The question of whose down pipe and therefore responsibility looks pretty marginal to me. The distance between the two windows is five brick widths. The down pipe is just covering the right hand end of the middle brick. This can only be inches from the centre point. The staining on the wall suggests a problem with wetting which could effect both properties.

For the sake of trying to keep neighbourly relations as good as possible I'd pay half. I do agree there should have been a prior conversation.

I'd then get a ladder, make sure my gutter is clear and fit a guard to prevent leaves entering the down pipe.

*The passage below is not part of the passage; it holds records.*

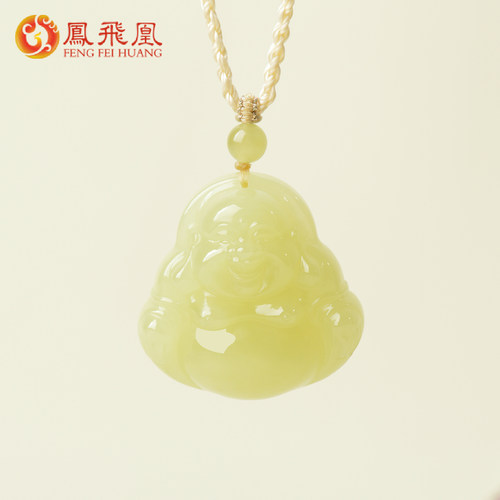 凤飞凰和田玉黄玉佛公吊坠女款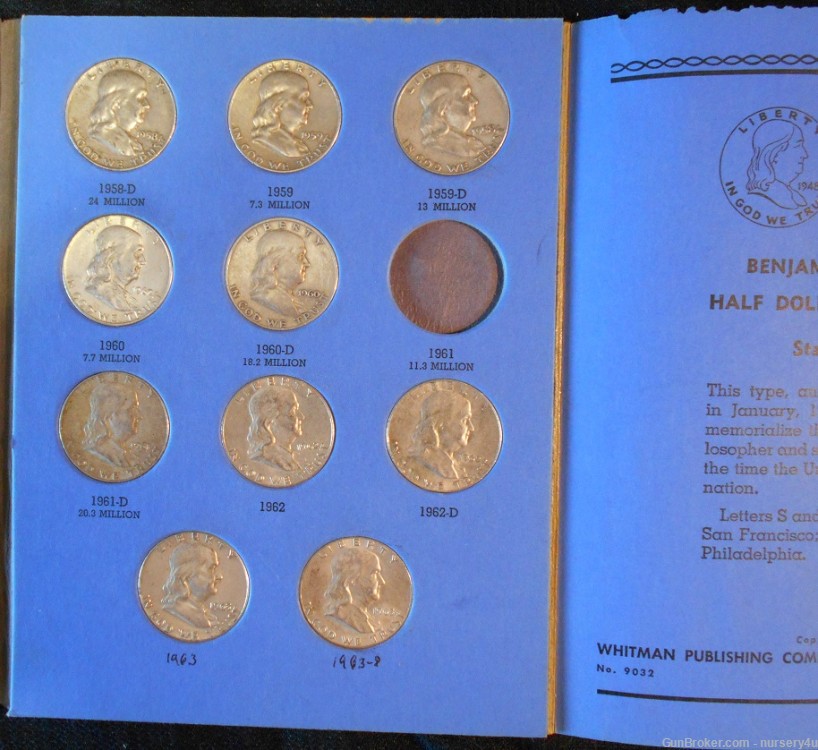 Whitman Franklin Half Dollar Coin Folder, w/29 Coins, 90% Silver - Read Ad-img-4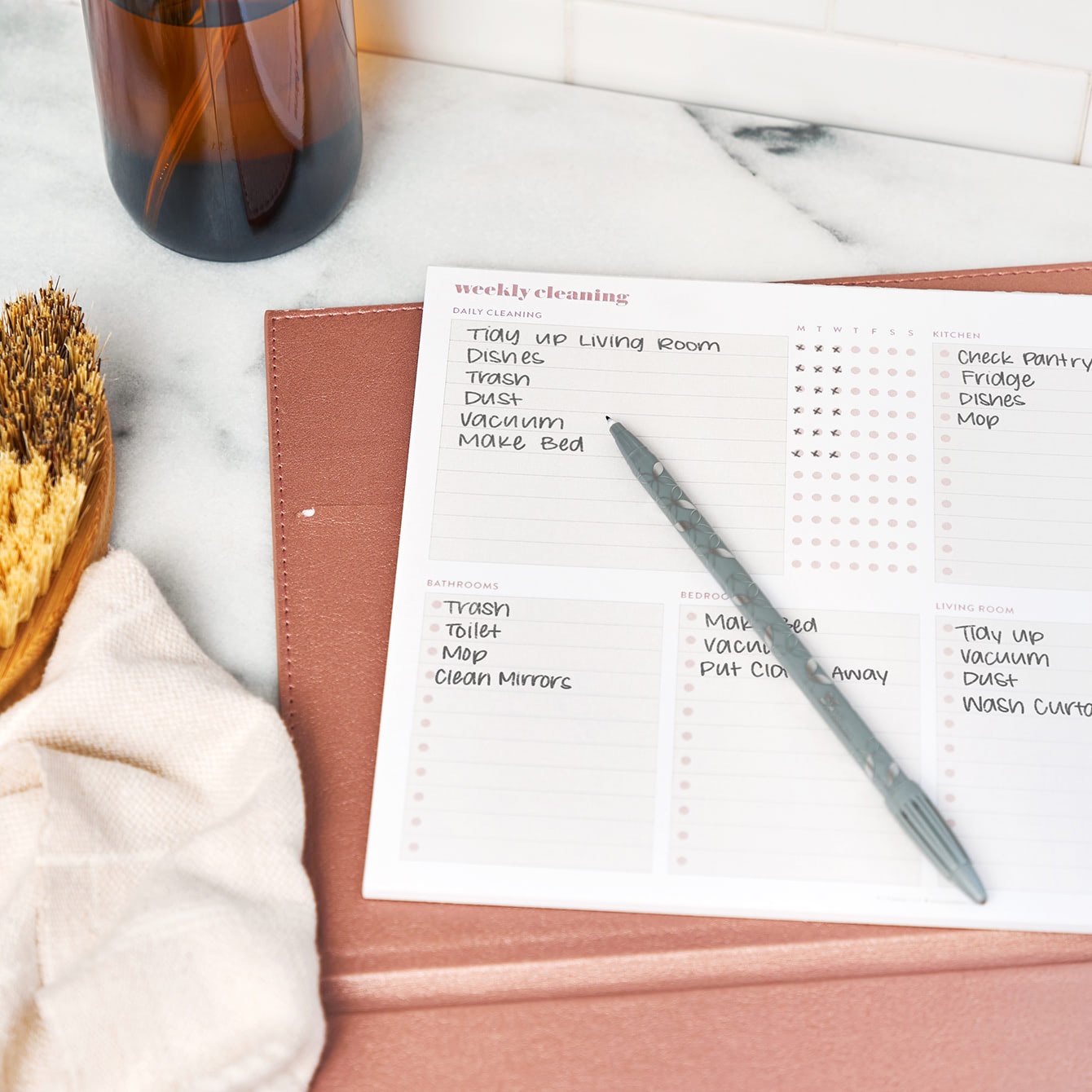 Vegan Leather Stand Up Padfolio Refill Weekly Cleaning Notepad Erin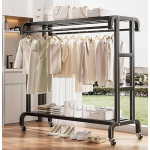 Suport dublu pentru haine cu suport pantofi si spatiu depozitare 150 x 109 x 50 cm rezistenta 70kg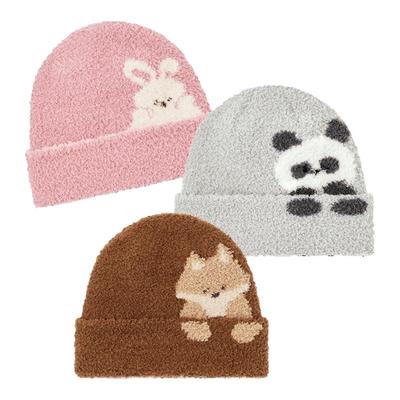 尼多熊毛线帽儿童帽子柔软半边绒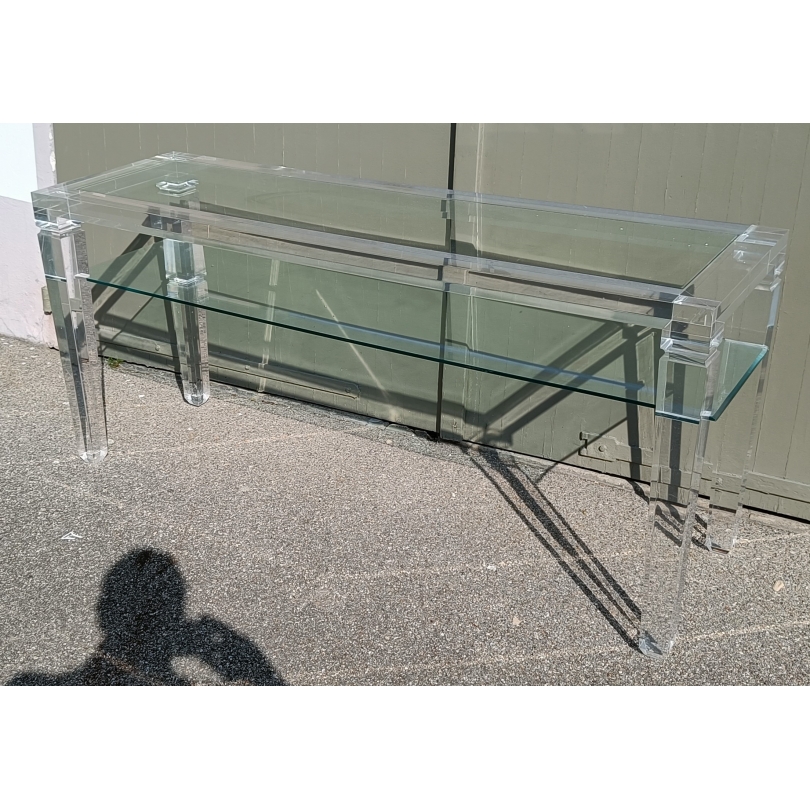 Console en plexiglas avec 2 plateaux en verre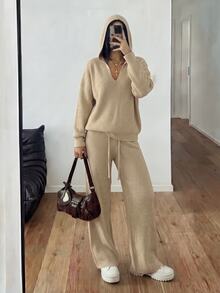 StreetHx Setelan Sweater Berkerudung 2 Potong untuk Wanita, Serbaguna, Kasual, untuk Perjalanan Sehari-hari, Gaya Jalanan, Musim Gugur/Dingin - Khaki - View 6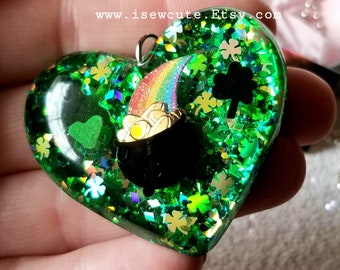 Luck Gift for Her, Green St Patrick's Day Necklace, Rainbow Resin Jewelry, Green Necklace, Cute Pot of Gold Green Heart Pendant by isewcute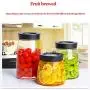 Transparent Glass Storage Tank With Lid, Canned Cereal Pasta Sugar Coffee Nuts, Spices, Container Jars For Preserving Food,Transparent-D
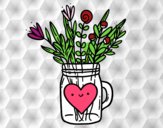 Dibujo Bote con flores silvestres y un corazón pintado por namerme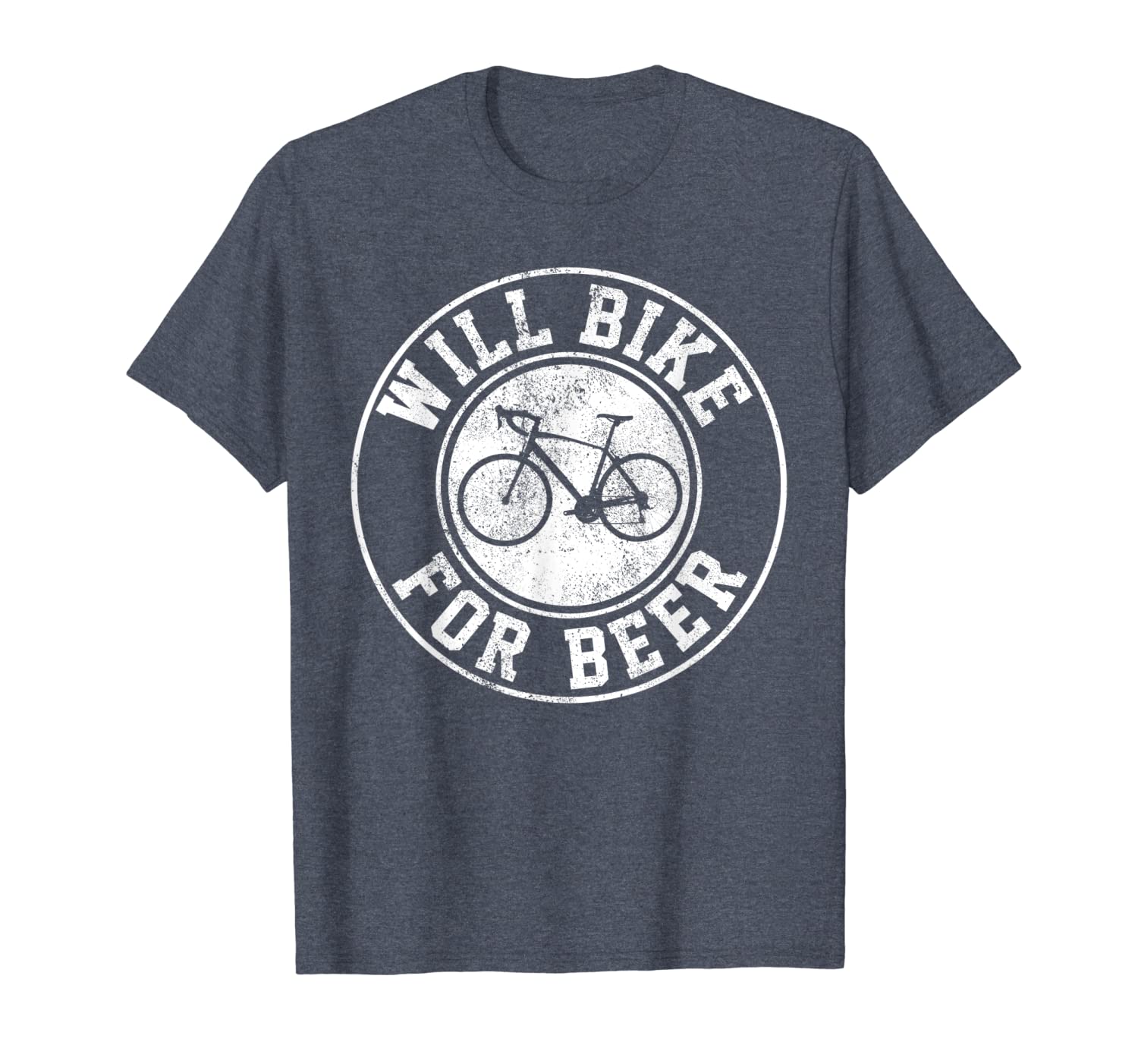 

will bike for beer - cycling road bike funny cyclist gift t-shirt, White;black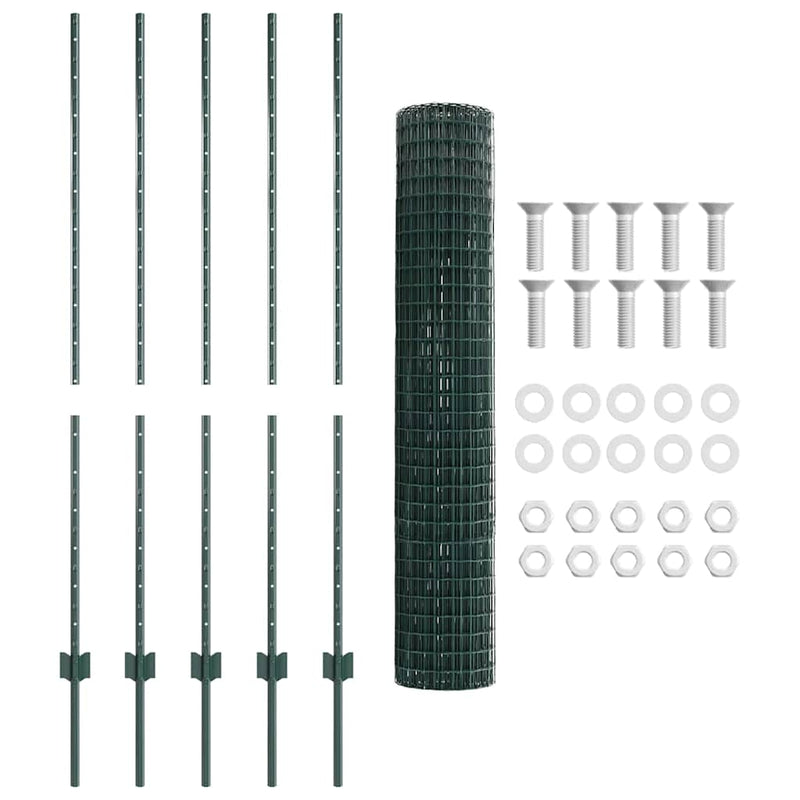 vidaXL Kerítés és Oszlop Zöld 1,4 x 10 m Acél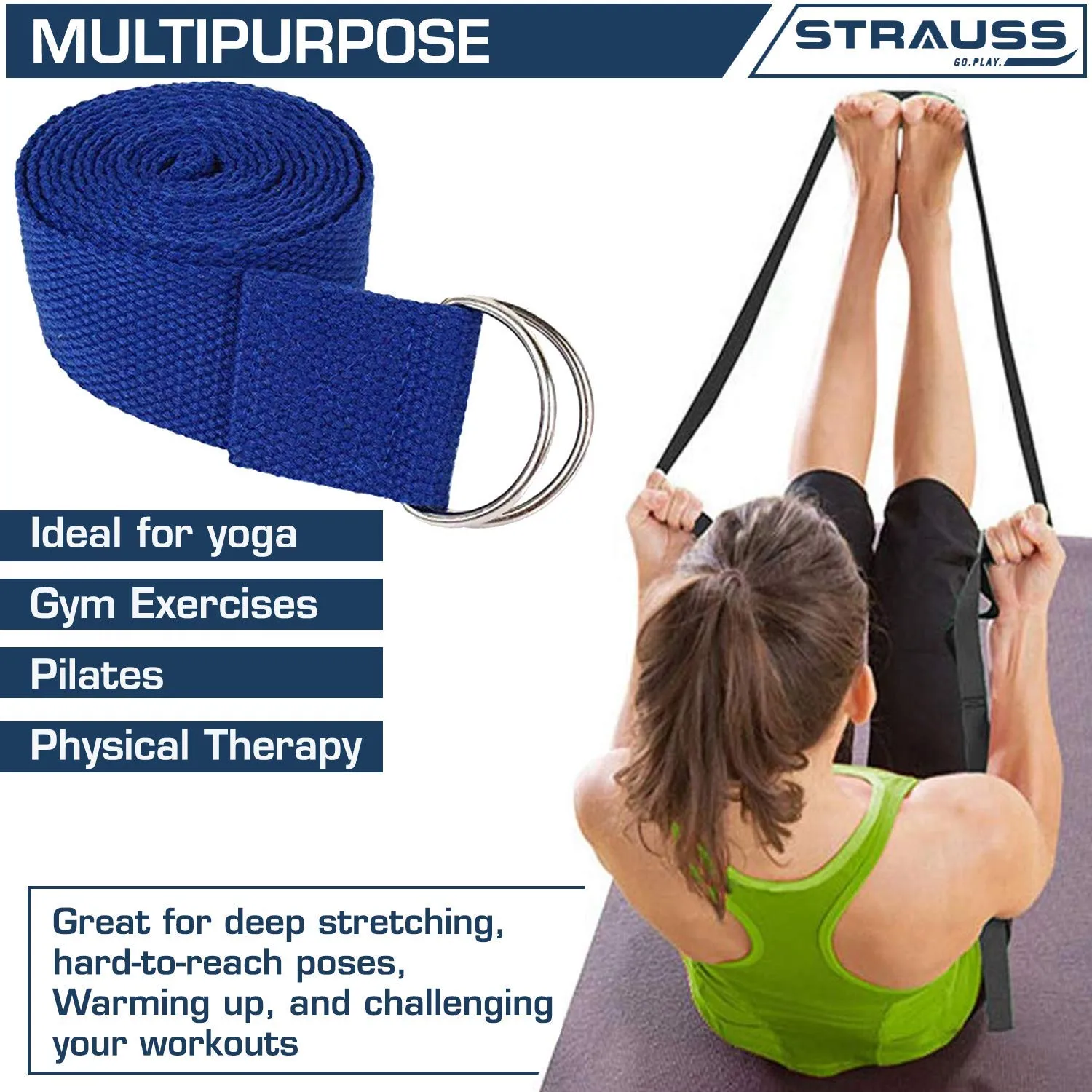 Strauss Meditation Designer Yoga Mat 5 mm (Navy Blue), Yoga Block (Navy Blue) Pair, Anti-Slip Yoga Towel (Blue) and Yoga Belt (Blue)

We had a similar problem with our neighbour. Both his gutters and down pipe overflowed on to our porch roof and in very heavy rain would come through the roof - I've replaced the porch, it was in a very poor state, my fault. Regarding the gutters I'd reached the point of ranting every time this happened about getting the job done and presenting the neighbour with the bill. My wife stopped me, she was right.


----------



## Beebo (9 Nov 2019)

The down pipe is removing water from both roofs. It’s a shared down pipe, so a shared responsibility. 
The fact that it’s on one side or the other seems irrelevant really. 
You can’t prove where the blockage came from. 
I would pay £40 and be done with it, life’s too short. 

This is just my common sense opinion, not a legal opinion.


----------